→ Data
++++
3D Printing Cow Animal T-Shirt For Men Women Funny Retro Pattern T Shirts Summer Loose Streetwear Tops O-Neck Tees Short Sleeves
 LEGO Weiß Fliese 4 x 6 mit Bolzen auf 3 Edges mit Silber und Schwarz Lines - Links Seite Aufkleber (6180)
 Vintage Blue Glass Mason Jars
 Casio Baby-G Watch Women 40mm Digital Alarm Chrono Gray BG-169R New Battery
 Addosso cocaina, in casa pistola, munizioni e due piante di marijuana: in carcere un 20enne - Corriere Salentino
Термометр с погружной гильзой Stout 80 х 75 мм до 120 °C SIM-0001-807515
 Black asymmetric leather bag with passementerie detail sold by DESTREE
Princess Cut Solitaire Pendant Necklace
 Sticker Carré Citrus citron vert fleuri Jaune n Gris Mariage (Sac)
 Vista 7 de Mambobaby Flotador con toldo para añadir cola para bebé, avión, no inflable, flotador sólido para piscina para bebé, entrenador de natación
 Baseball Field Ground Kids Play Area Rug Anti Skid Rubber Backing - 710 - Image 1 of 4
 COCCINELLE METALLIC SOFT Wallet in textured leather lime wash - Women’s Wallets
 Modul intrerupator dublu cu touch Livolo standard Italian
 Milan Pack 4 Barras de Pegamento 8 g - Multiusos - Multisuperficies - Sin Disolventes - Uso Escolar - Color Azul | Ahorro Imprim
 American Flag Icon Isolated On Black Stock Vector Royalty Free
++++
→ Task instructions
Determine how many lines in the preceding records include the word "Women". The answer is that number alone.

→ Answer to this exercise
3